Print

Print


Ray,

I liked your original pseudononymous idea and was thinking about trying to re-write it in PowerShell, but looking into the "birthday paradox" comment opens some very interesting possibilities.  

As I understand it, you can uniquely identify someone using just a portion of a hash of their unique ID (e.g. email address).  Even better for us in library land is that if you use just the right number of bits from the hash, you can create a legal-level of plausible deniability while maintaining statistically valid data.  For example, with the right calculations, you can introduce enough of a chance of two patrons having the same "anonymized" identifiers (calculated from a hash of their unique ID) that a patron can't be definitively identified, but at the same time, the vast majority of the identifiers will be unique and thus any statistics will still be highly accurate.  

Good stuff!

Thanks,

Erich



On Friday, September 22, 2023 at 09:43, Ray Voelker eloquently inscribed:

> Hi code4lib folks .. and again ... happy Friday!!
> 
> I just wanted to post an update to this. I wrote in to the Security Now!
> podcast (fantastic show by the way and fully worth listening to on a
> regular basis) about this notion, and it was made the main topic of show
> number 940!
> 
> https://twit.tv/shows/security-now/episodes/940?autostart=false
> 
> The discussion starts around the 1:36 mark.
> 
> Here's what I wrote to Steve Gibson:
> 
> In addition to being an avid listener to Security Now, I'm also a System
>> Administrator for a large public library system in Ohio. Libraries
>> often struggle with data—being especially sensitive around data related
>> to patrons and patron behavior in terms of borrowing, library program
>> attendance, reference questions, etc. The common practice is for
>> libraries to aggregate and then promptly destroy this data within a
>> short time frame—which is typically one month. However, administrators
>> and local government officials, who are often instrumental in
>> allocating library funding and guiding operational strategies,
>> frequently ask questions on a larger time scale than one month to
>> validate the library's significance and its operational strategies.
>> Disaggregation of this data to answer these types of questions is very
>> difficult and arguably impossible.
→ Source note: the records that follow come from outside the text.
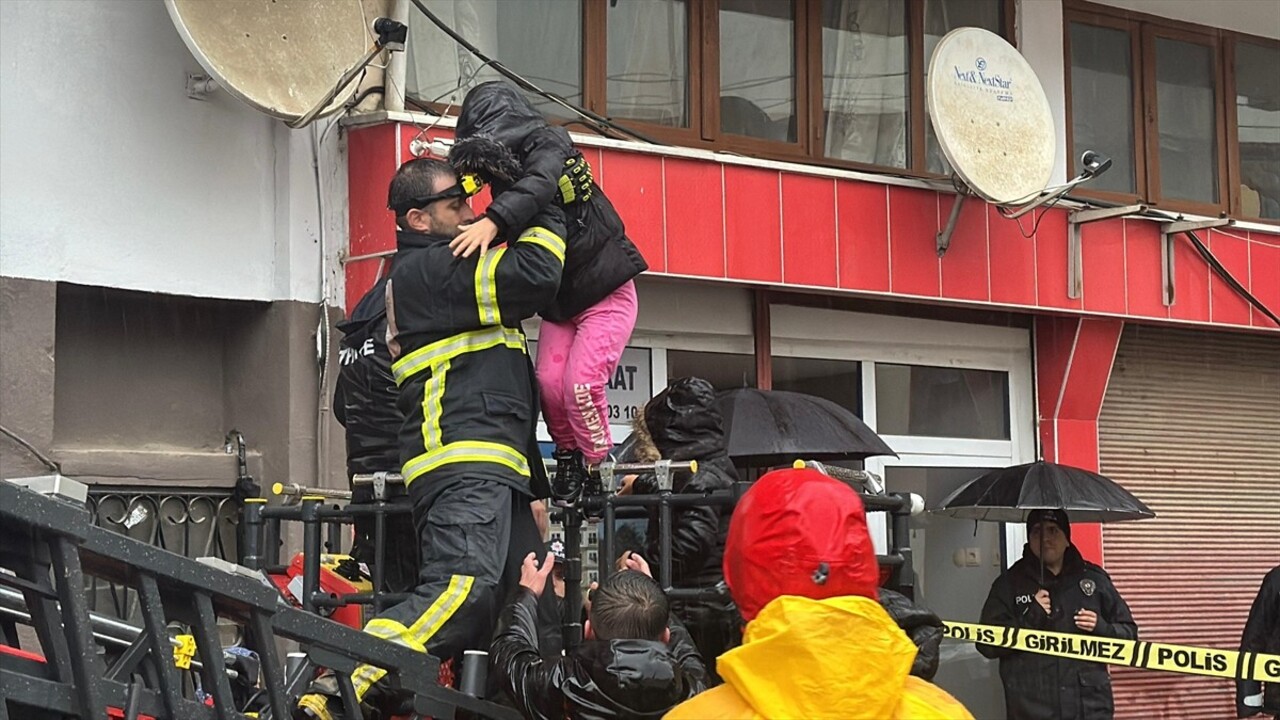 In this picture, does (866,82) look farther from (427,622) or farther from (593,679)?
(593,679)

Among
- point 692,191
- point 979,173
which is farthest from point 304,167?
point 979,173

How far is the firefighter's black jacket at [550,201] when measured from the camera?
16.1ft

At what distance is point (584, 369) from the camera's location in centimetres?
551

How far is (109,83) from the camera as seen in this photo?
8781mm

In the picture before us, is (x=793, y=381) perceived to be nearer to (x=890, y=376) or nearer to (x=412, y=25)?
(x=890, y=376)

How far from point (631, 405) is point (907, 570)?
5.31 meters

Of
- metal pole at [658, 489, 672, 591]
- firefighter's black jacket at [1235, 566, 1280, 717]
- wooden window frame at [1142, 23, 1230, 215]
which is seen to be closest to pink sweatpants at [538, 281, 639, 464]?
metal pole at [658, 489, 672, 591]

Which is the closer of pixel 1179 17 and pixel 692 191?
pixel 692 191

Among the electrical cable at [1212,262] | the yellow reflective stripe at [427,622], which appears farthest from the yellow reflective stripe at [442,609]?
the electrical cable at [1212,262]

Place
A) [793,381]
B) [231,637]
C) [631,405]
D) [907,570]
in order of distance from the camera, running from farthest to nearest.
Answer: [793,381], [631,405], [231,637], [907,570]

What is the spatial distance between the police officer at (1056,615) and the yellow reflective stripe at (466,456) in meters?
5.43

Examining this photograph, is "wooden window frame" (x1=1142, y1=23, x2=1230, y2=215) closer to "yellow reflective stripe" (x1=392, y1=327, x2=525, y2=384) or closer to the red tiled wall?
the red tiled wall

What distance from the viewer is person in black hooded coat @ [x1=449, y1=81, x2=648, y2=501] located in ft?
16.0

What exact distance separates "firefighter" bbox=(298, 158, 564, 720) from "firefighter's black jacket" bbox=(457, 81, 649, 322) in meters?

This puts people like me, and many
>> others like me, in a tough spot in terms of storing and later using
>> sensitive data to provide the answers to these questions of pretty
>> serious consequence—like, what should we spend money on, or why we
>> should continue to exist.
> 
> I’m sure you’re aware, but there are many interesting historical reasons
>> for this sensitivity, and organizations like the American Library
>> Association (ALA) and other international library associations have
>> even codified the protection of patron privacy into their codes of
>> ethics. For example, the ALA's Code of Ethics states: "We protect each
>> library user's right to privacy and confidentiality with respect to
>> information sought or received and resources consulted, borrowed,
>> acquired or transmitted." While I deeply respect and admire this
>> stance, it doesn't provide a solution for those of us wrestling with
>> the aforementioned existential questions.
>> 
> 
> In this context, I'd be immensely grateful if you could share your insights
>> on the technique of "Pseudonymization" ( https://
>> en.wikipedia.org/wiki/Pseudonymization <https://t.co/gVKvpmzoxp>) for
>> PII data. Additionally, I'd appreciate a brief review of a Python
>> module I'm developing, which aims to assist me (and potentially other
>> library professionals) in retaining crucial data for subsequent
>> analysis while ensuring data subject privacy.
>> https://gist.github.com/rayvoelker/80c 0dfa5cb47e63c7e498bd064d3c0b6
>> <https://t.co/aAapRKgElr> Thank you once again, Steve, for your
>> invaluable contributions to the security community. I eagerly await
>> your feedback!
>> 
>> 
>  I think the even better solution compared to Pseudonymization involves the
> Birthday Paradox. It's a direction I hadn't even thought of for this!
> 
> --Ray
> 
> On Fri, Sep 15, 2023 at 2:43 PM Ray Voelker <[log in to unmask]> wrote:
> 
>> Hi code4lib folks .. happy Friday!
>> 
>> I started putting together a little Python utility for doing
>> Pseudonymization tasks
>> (https://en.wikipedia.org/wiki/Pseudonymization). The goal is to be
>> able to do more analysis on data related to circulation while securely
>> maintaining patron privacy.
>> 
>> For a little bit of background I wanted something *like a hash* (but
>> more secure than a hash), for replacing select fields related to patron
>> records. I also wanted something that could possibly be reversed given
>> an encrypted private key that would be stored well outside of the scope
>> of the project. I'm thinking that if you wanted to geocode addresses
>> for example, you could temporarily decrypt each field needed for the
>> task, use the *pseudonymized* patron id as the identifier, and then
>> send your data off to the geocoder of your choice. Another example
>> would be to store a pseudonymized patron id as the identifier in things
>> like circulation data used for later analysis, or for transmitting to
>> trusted 3rd parties who may do analysis for you.
>> 
>> I'm humbly asking for anyone with some background in using encryption to
>> review the code I have and maybe offer some comments / concerns /
>> suggestions / jokes about this.
>> 
>> Thanks in advance!
>> 
>> https://gist.github.com/rayvoelker/80c0dfa5cb47e63c7e498bd064d3c0b6
>> 
>> --
>> Ray Voelker
>> 
> 
>